Ce n'est pas elle qui est le centre, même un centre transparent, elle n'est pas l'objet de notre prière, elle est celle autour de qui nous prions. Et nous nous appuyons sur sa prière. Plus précisément encore, elle est le pédagogue de la prière des apôtres et, après les apôtres de la prière de l'Église, et donc de notre prière à chacun d'entre nous. Le rôle essentiel de Marie c'est de nous apprendre à prier, c'est de nous tourner vers Dieu comme elle-même est tournée vers Lui, de nous rendre petit à petit translucides à ce mystère de Dieu comme elle-même est transparente à ce mystère. Prier Marie c'est donc non pas du tout s'arrêter à elle mais se mettre à son école. Dans un certain sens, au lieu de dire un Notre Père puis des "Je vous salue Marie", il faudrait presque inverser l'opération et commencer par dire les "Je vous salue Marie" pour nous mettre en union avec elle et pouvoir ensuite, avec elle, dire "Notre Père !" et nous tourner vers Dieu. Vous com­prenez bien que je cherche pas à instaurer une nou­velle dévotion. Je cherche simplement à concrétiser ce que je voudrais vous dire sur la place de Marie dans notre prière. Elle est au début de notre prière et non pas au terme. Elle est là pour nous prendre avec Elle, pour nous initier à la prière, et ensuite pour, non pas s'effacer, mais nous avoir tellement bien orientés vers Dieu, que nous n'ayons le regard fixe non sur elle, mais avec le sien sur le mystère de Dieu.
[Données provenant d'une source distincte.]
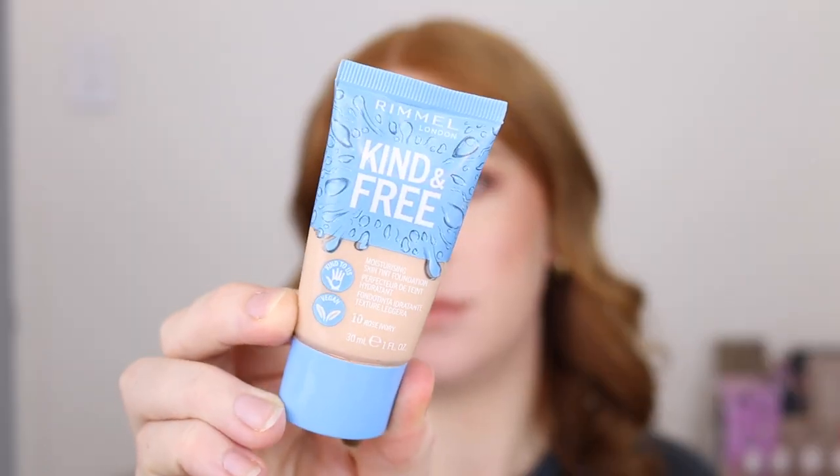First up is the Rimmel Kind and Free Skin Tint. Skin tints have become really popular over the last year or so. I tried out a few but a lot of them just didn't have the coverage I was looking for. I wanted something lightweight but that was still going to cover up my redness and make it look like I've actually put on some sort of foundation. As soon as I tried the Rimmel Kind and Free, I fell in love. This has a beautiful light to medium coverage. It's very lightweight on the skin and doesn't feel heavy, thick, or greasy at all, and it has decent longevity for a skin tint.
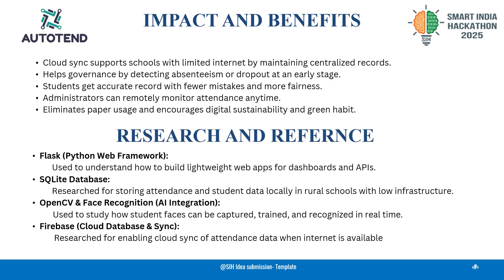AutoTent brings real change to rural schools by making attendance fast, fair, and fully digital. With CloudSync, even schools with limited internet can maintain real-time records. Using this automation accuracy, every student gets their government-funded meals, books, clothes, etc. without fail. It cuts down paper usage, thereby going green, and reduces proxy. This makes education efficient and sustainable.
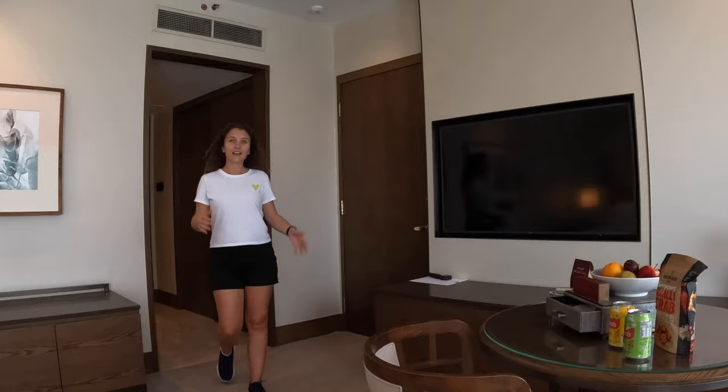That completes our room tour of our King Premium Suite here at the Conrad Centennial in Singapore. I hope you enjoyed and learned something. If you've stayed in Singapore before or maybe another Conrad hotel, let us know your experience in the comments below. Make sure to subscribe for future room tours and some crazy travel adventures from this trip.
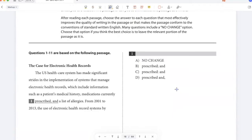The US healthcare system has made significant strides in the implementation of systems that manage electronic health records, which include information such as a patient's medical history, medications currently prescribed, and a list of allergies. A comma after 'prescribed' makes sense, so option A looks good. I can't have a semicolon in a list unless the items within the list use commas, so B is wrong. A colon can only come at the end of a complete sentence, so C is wrong. And the comma has to come before 'and,' not after. So the right answer is A.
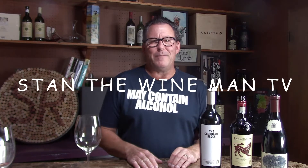Hello everyone and welcome to Stan the Wine Man TV. I am your host Stan Rutan and this is the Blue Collar Wine Show where I help you spend your wine dollars wisely. We are going to talk about South African wines. South Africa is one of the coolest places I've ever been. They make some fantastic wines and I don't think a lot of people are aware of that.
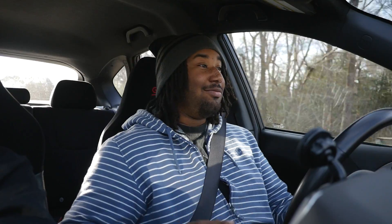I've had the tune for probably about six months, something like that. And there really haven't been any issues that I've had with it. I love the car.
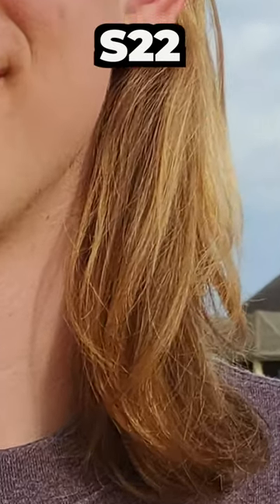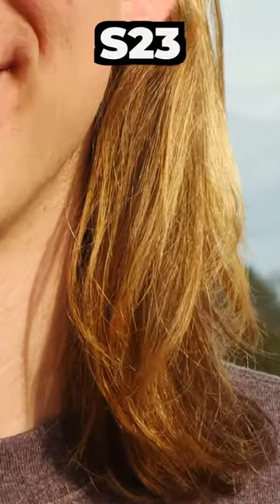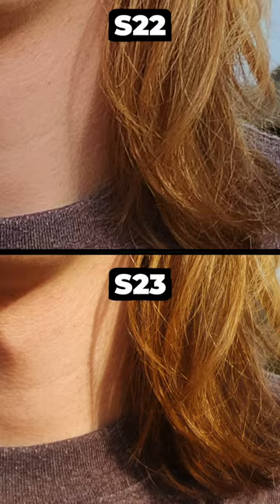Let's zoom into Dalton's hair — there we go. 200 megapixels, zoom in. Dang, look at that difference. To me, I don't know about you guys, that's night and day.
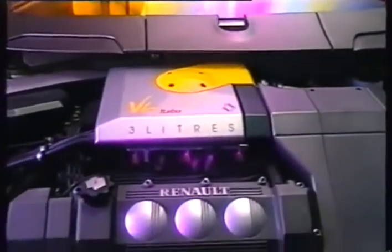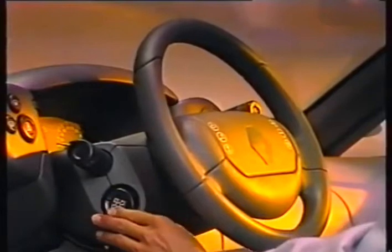Under the bonnet is a 3.0-liter V6 turbocharged engine developing 250 brake horsepower. The engine and electronic control system are tuned for a wide spread of torque rather than maximum power, which allows for higher top speeds.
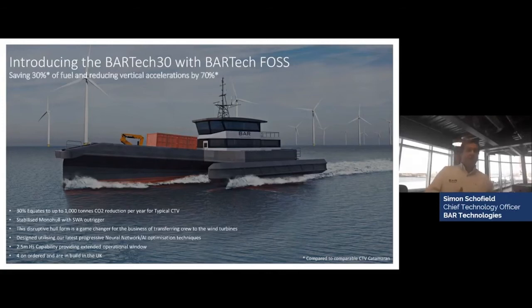Results in a fuel saving of 30%, or in excess of 30%, compared to a comparable CTV catamaran. And the vertical accelerations — the level of comfort or MSI value — are reduced by up to 70%. This 30% equates to over 1,000 tonnes of CO2 reduction a year.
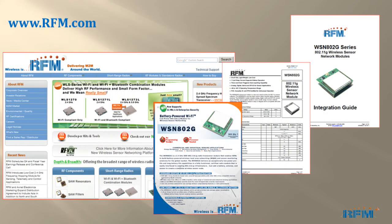Thank you for your time today, and I hope you found this tutorial useful. Visit us at www.rfm.com for more information. We have lots of information, integration guides, product brochures, data sheets, and such things. Thank you very much.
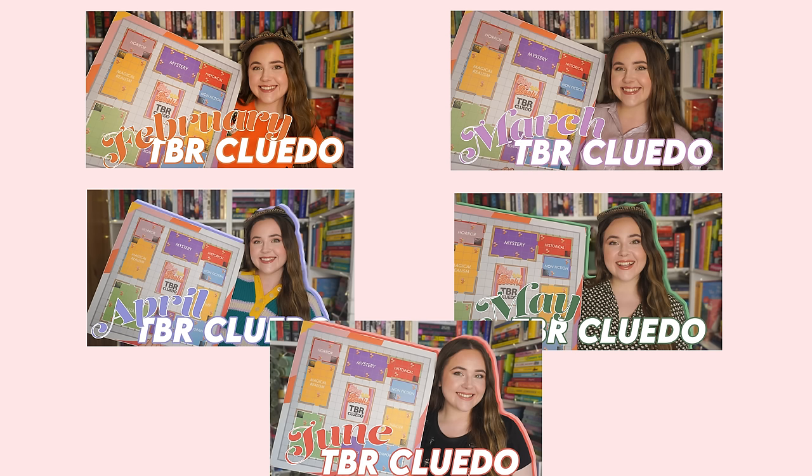Let's talk about how TBR Cluedo is going. I don't read every TBR Cluedo book on time. There was one in January, and I'm not including July's since it's still ongoing. So I'm only including five months — February to June — in these stats. Out of the 30 books that were on TBR Cluedo in those months, I've read 26. There are only four books that appeared on TBR Cluedo that I have not yet read, which I think is pretty good. I only read 15 of those in the month they were supposed to be read — all others were only one month after, apart from one book that was two months after.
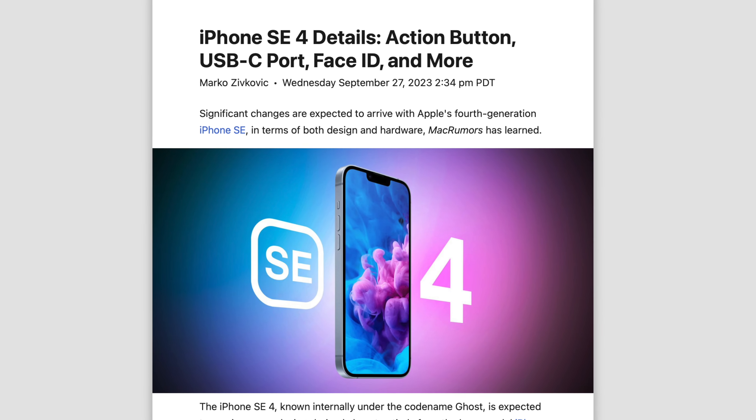Welcome to your somewhat regular iPhone SE4 update. We have some new tidbits that may interest you guys, and so without further ado, let's dive right in. This information comes from credible source Unknowns21, and they are following up their last report from a few weeks ago regarding the SE4 with even more juicy details.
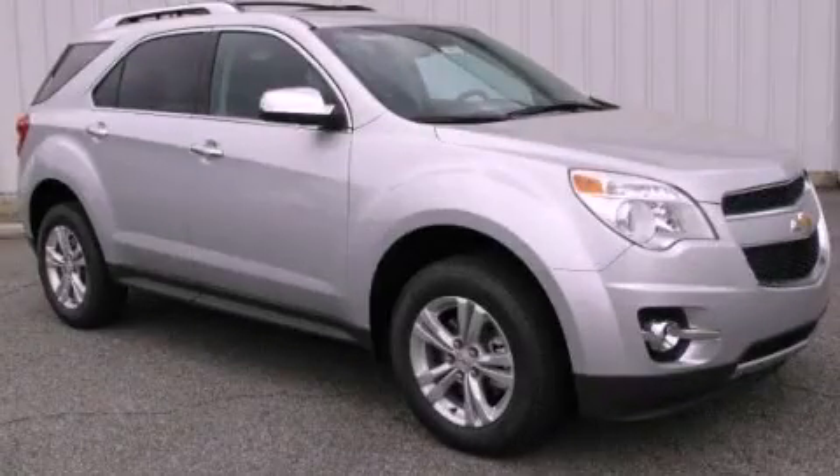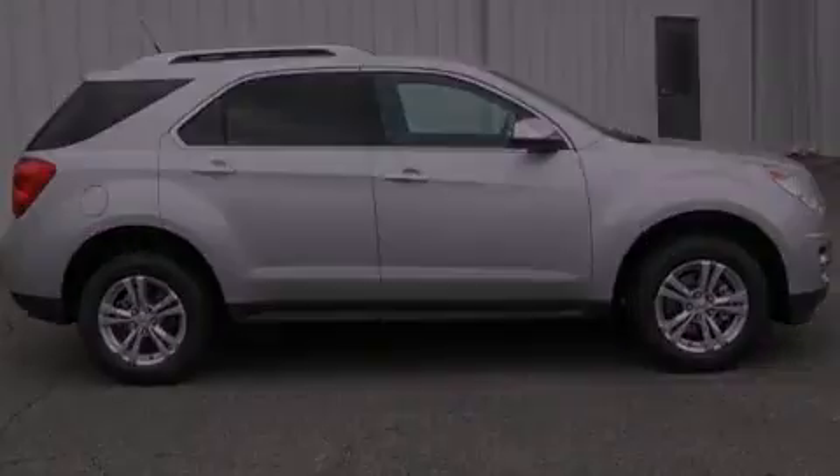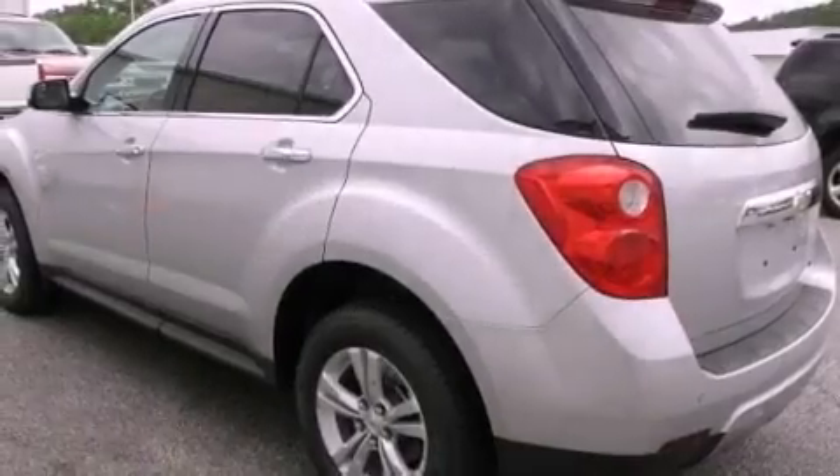This is a brand new 2012 Chevrolet Equinox, functional utility for a modern lifestyle. It has a four-cylinder engine and a six-speed automatic transmission.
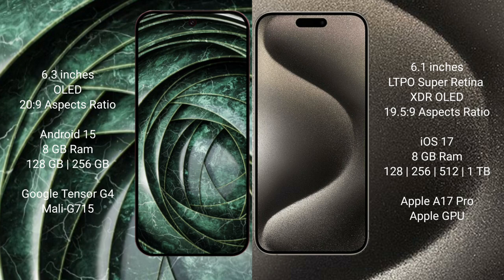Google Pixel 9a runs on Android 15 operating system. iPhone 15 Pro runs on iOS 17 operating system. Google Pixel 9a comes with 8GB RAM, 128GB to 256GB internal storage, with a Google Tensor processor and Mali GPU.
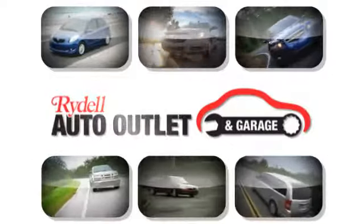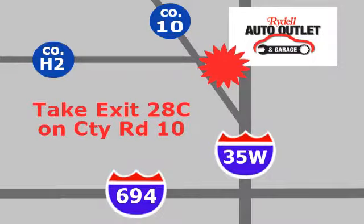Your satisfaction is our goal. We are conveniently located at 2375 County Road 10 in Moundsview, Minnesota.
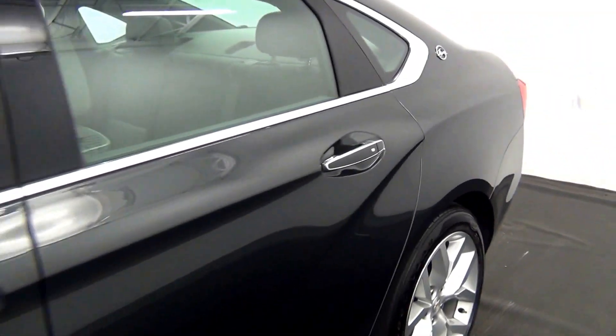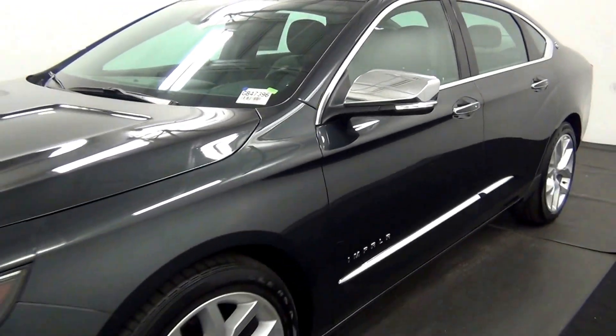And now we're in the walk around the 2015 Chevy Impala.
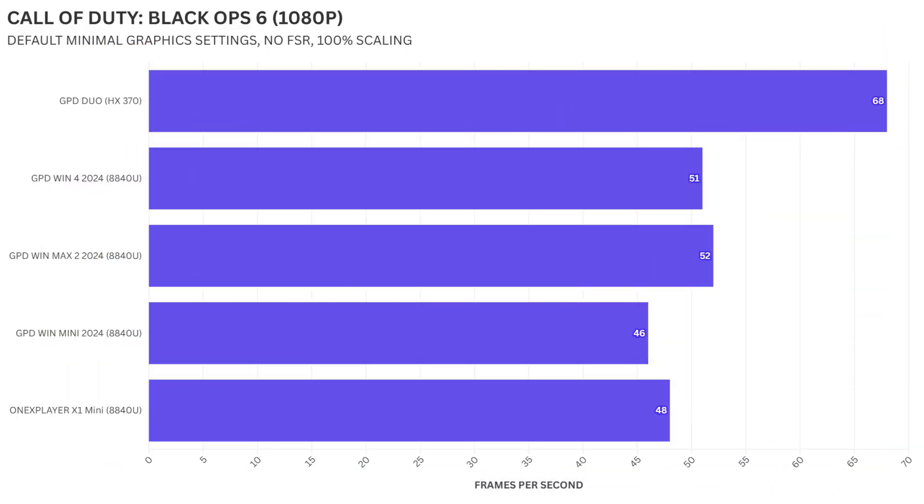At 1080p resolution, the GPD Duo stands out as the top performer, delivering 68 frames per second. This is a 31% boost over the GPD Win 4, which achieved 51fps, and a 30% increase over the One X Player X1 Mini, which scored 48fps. Interestingly, the GPD Win Max 2 performed similarly well at 52fps, only about 24% below the GPD Duo. The GPD Win Mini trails with 46fps, marking a 48% difference from the GPD Duo's performance, underscoring the Ryzen 9's ability to maintain higher fps at 1080p for a smoother experience.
Quand nous récitons le Rosaire il n'est pas in­différent ni secondaire de méditer ces mystères du Christ. C'est le but même du Rosaire. Le détail des mystères n'est pas essentiel. On peut se tromper dans la liste, cela n'a pas d'importance, mais c'est l'attitude spirituelle qui est importante. Savoir épouser l'attitude de Marie en orientant comme elle toute notre vie vers ce qui est le centre de sa vie, et donc le centre de la nôtre aussi puisqu'elle est la chrétienne par excel­lence, la sauvée par excellence, celle en qui s'est ac­compli par excellence le dessein de Dieu. Nous de­vons donc nous efforcer d'épouser sa manière d'être et surtout sa manière de prier.